Given the paucity of data in this space then, what should we do? One answer is to put one’s head in the sand and say it is all good. Well, don’t you want to be sure? Isn’t that why you spend so much time here? One way to get there, at least partially, is to look at measurements. Within bounds, they are pretty reliable metrics of the quality that went into a design. I like to shoot for 16 bits of performance. If the system does that truthfully, I feel good. 20 and 24? The former is heroic, the latter impossible.
To be sure, Arny’s flag is super tempting to follow. Wouldn’t it be good if all equipment is cheap and I can just go by linear specs like power and number of logos as I mentioned? Sure. I won’t deny that as I used to do the same, making fun of all my audiophile friends.
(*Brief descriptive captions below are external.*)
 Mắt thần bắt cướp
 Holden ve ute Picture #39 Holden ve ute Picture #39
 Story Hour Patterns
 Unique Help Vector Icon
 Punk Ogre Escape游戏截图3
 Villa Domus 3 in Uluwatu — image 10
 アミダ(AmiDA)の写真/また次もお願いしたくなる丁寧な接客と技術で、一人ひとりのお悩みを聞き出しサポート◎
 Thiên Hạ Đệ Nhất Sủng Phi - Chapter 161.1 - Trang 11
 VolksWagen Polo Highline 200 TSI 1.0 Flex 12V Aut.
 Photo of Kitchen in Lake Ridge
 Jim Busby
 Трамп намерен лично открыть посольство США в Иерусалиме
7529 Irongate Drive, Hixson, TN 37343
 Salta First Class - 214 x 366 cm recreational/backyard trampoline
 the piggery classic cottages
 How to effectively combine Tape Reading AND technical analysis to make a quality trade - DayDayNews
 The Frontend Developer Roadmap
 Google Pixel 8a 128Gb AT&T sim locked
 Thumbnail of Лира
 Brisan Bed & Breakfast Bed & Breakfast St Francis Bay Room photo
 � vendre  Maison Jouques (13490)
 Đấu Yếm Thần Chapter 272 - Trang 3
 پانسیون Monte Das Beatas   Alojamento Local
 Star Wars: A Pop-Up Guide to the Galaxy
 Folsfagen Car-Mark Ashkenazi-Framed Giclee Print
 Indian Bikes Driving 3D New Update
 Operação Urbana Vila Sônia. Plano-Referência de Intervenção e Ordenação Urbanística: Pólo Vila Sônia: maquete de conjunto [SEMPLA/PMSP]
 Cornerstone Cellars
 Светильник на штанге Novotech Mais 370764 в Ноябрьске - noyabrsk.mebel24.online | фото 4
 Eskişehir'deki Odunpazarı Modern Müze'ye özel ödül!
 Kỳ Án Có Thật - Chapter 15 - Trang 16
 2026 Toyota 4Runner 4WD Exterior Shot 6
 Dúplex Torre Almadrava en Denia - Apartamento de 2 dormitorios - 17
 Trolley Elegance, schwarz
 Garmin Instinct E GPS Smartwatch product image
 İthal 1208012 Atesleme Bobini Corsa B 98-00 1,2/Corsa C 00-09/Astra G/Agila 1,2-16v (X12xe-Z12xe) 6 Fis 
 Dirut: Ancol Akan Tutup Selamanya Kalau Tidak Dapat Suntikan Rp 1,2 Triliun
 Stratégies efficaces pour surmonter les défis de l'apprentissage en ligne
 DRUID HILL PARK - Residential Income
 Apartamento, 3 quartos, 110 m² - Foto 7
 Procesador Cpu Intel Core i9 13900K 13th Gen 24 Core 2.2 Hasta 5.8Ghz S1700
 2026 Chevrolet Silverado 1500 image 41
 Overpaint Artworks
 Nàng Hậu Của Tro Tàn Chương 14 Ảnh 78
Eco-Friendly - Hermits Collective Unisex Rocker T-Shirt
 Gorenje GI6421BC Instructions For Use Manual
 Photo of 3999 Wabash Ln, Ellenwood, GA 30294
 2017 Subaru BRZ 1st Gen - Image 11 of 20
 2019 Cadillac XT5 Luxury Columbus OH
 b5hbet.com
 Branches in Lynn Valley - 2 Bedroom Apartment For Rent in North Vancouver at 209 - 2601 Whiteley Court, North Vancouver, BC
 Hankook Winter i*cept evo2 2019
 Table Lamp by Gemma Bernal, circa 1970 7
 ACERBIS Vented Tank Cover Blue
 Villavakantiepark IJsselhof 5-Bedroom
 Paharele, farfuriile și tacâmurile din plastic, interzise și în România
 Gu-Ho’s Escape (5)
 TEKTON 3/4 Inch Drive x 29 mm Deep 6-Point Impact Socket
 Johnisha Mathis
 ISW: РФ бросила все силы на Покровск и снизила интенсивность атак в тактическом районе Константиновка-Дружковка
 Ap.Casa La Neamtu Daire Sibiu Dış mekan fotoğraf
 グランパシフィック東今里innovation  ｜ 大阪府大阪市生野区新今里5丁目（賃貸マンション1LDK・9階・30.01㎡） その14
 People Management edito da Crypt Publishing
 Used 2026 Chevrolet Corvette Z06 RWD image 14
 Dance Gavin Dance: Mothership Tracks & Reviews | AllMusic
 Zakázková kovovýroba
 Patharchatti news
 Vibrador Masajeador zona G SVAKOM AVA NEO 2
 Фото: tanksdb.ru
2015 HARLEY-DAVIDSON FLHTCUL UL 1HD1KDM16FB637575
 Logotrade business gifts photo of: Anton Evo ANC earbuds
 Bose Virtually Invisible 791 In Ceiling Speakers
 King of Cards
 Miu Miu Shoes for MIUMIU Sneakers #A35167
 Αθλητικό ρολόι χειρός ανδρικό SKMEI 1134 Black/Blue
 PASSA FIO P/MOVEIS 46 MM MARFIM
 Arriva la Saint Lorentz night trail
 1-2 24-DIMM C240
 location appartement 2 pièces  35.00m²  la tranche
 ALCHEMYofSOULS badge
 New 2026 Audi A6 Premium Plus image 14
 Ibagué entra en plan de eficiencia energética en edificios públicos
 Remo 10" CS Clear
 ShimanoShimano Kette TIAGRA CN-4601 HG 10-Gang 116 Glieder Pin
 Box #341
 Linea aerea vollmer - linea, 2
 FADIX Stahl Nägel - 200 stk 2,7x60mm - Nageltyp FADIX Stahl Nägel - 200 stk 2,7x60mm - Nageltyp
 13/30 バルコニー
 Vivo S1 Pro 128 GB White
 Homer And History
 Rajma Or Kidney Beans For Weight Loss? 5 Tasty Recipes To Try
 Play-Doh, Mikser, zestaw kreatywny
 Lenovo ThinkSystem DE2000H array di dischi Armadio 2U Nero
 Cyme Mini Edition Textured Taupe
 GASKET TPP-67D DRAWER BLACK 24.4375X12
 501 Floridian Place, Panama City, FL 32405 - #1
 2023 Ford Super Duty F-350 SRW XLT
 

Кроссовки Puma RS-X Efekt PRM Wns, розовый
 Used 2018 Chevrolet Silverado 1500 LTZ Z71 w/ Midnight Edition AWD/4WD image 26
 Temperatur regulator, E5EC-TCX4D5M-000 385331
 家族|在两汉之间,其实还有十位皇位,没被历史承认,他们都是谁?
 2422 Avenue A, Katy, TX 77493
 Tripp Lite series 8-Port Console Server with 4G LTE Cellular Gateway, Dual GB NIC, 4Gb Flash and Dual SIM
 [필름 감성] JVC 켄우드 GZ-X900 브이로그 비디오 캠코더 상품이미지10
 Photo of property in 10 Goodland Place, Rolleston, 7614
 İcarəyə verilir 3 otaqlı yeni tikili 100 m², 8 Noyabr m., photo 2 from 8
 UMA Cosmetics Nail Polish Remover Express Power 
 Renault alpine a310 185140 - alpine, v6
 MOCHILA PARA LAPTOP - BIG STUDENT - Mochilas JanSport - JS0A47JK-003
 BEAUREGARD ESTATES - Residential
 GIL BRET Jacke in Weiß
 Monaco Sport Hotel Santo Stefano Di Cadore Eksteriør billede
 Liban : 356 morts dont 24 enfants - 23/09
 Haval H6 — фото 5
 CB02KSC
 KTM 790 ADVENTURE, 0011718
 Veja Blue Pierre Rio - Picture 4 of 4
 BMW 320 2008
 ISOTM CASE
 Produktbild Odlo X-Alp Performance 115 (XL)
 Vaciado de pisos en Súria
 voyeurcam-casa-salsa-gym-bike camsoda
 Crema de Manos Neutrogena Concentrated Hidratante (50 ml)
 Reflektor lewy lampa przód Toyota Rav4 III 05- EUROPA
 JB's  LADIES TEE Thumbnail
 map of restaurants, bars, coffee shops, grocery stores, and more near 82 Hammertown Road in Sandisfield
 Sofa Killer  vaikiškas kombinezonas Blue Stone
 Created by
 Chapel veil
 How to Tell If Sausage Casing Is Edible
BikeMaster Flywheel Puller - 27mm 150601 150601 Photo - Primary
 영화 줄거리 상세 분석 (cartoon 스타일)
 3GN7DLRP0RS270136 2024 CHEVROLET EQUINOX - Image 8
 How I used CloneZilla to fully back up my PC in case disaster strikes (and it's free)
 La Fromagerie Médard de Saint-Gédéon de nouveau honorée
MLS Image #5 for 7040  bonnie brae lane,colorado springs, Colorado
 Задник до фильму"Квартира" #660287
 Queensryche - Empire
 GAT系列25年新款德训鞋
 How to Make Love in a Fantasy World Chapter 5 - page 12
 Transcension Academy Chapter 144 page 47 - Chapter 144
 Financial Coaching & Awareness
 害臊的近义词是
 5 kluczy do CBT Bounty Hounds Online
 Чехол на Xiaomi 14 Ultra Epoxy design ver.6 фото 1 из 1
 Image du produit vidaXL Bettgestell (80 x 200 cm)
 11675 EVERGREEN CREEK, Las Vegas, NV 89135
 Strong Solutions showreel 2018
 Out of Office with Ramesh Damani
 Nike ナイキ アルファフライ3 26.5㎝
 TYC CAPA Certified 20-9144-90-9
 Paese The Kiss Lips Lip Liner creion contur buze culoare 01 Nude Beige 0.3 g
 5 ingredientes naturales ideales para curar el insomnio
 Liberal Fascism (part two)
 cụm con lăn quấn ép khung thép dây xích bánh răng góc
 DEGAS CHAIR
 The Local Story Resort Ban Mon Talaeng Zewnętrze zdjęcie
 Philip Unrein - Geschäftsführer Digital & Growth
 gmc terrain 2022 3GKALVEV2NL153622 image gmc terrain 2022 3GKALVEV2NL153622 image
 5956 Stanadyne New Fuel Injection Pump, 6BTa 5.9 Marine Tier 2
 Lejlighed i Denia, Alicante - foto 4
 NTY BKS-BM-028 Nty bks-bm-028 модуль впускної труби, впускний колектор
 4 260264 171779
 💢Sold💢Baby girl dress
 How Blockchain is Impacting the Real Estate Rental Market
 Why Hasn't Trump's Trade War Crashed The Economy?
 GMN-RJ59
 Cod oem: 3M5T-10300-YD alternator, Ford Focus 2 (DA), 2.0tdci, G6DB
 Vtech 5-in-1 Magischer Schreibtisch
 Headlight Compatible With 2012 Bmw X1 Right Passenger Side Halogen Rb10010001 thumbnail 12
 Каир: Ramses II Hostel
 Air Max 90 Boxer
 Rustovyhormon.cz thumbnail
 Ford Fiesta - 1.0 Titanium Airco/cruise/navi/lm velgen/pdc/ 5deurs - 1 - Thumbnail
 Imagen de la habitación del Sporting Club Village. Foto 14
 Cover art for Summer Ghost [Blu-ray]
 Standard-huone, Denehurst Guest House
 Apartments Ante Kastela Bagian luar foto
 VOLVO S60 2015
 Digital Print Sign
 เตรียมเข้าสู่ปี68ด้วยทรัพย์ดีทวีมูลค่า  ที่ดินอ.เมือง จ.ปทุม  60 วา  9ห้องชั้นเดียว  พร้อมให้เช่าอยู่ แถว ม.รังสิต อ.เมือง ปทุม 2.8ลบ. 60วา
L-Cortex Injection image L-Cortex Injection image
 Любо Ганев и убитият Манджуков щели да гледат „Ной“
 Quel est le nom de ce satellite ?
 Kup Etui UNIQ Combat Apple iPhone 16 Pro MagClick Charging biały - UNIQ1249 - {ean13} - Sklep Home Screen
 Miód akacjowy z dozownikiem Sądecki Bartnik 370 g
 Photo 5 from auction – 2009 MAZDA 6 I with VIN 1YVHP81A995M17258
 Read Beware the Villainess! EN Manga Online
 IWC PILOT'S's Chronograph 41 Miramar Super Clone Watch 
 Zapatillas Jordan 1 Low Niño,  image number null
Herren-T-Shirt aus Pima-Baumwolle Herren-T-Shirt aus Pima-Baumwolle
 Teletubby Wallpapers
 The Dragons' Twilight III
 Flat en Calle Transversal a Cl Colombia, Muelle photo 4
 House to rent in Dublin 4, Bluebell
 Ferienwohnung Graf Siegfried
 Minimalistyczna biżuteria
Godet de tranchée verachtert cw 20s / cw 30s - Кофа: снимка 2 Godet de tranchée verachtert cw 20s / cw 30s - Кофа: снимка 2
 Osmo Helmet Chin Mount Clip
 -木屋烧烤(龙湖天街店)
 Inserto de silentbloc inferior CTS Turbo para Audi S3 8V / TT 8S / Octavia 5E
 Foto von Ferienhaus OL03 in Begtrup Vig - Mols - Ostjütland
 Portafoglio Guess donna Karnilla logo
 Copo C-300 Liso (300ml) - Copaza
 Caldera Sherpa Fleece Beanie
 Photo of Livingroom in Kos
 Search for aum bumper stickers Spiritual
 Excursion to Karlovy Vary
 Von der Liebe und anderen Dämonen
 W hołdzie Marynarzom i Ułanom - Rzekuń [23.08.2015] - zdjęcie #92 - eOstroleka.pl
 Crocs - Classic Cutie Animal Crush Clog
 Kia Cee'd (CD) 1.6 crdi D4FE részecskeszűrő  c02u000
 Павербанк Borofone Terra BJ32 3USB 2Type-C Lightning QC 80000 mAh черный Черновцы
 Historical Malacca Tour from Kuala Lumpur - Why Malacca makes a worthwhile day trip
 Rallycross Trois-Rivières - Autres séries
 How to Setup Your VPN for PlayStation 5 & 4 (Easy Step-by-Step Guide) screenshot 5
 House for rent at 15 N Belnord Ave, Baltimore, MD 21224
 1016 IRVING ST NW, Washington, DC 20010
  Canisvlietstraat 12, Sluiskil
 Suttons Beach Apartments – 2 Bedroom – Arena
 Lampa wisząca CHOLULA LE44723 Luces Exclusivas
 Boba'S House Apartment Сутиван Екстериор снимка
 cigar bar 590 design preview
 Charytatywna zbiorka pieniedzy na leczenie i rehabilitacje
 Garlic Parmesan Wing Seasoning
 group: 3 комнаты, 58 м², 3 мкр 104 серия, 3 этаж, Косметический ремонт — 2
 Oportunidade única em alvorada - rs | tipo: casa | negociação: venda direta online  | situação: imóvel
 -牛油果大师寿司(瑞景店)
But then I took the first step going beyond textbook theory and into the real world of building such products and testing people left and right on all of this. Learned the value of auditory training in this space and seeing that occasional person walk off the street and beating me at that game! To be sure, most audiophiles are quite bad in hearing such artifacts but not all.
Hopefully I have demonstrated in this thread how deep this rabbit hole really is. And that the opposing view is a tough place to stand in the absolute. The math, the numbers, and the graphs are ruthless and powerful in the way they convey their message.
You do not have to take my position by the way. All I want you to do is be more informed. Understand the complexity of topic and don’t let one liners thrown out by the “it all sounds the same” as what guides you. Use this thread as a primer to learn more. Digital audio is not intuitive to any of us as this thread hopefully shows. You want to follow science, do it right.
On a personal note, I have grown to like Arny in this thread. Don’t ask why but I find him likable. Maybe because he is an old analog hack like I am. Or maybe because he makes it possible for me to answer his challenges with smile and excitement. Wish I didn’t have to take him on as I did. Alas, you can’t lead an army for a cause if you don’t understand the cause itself. And the cause is complex here. It doesn’t lend itself to one-liners that he came into this thread with and damning the future of where we need to go which is the target device being in charge of reproduction over a data bus like USB/network.
Can I blame him for not knowing all that is needed to know? No. As shown, the topic requires wide-ranging knowledge across an incredible array of topics from math to audio and computers. I have been fortunate that my employers have paid me to learn this stuff over the last 30 years, augmented by interacting with fine folks in this forum and elsewhere.
Don’t take the above as I know it all. I don’t. There are layers of complexity here and you can only hope to peel back some of them.
So how was this for a Sunday sermon?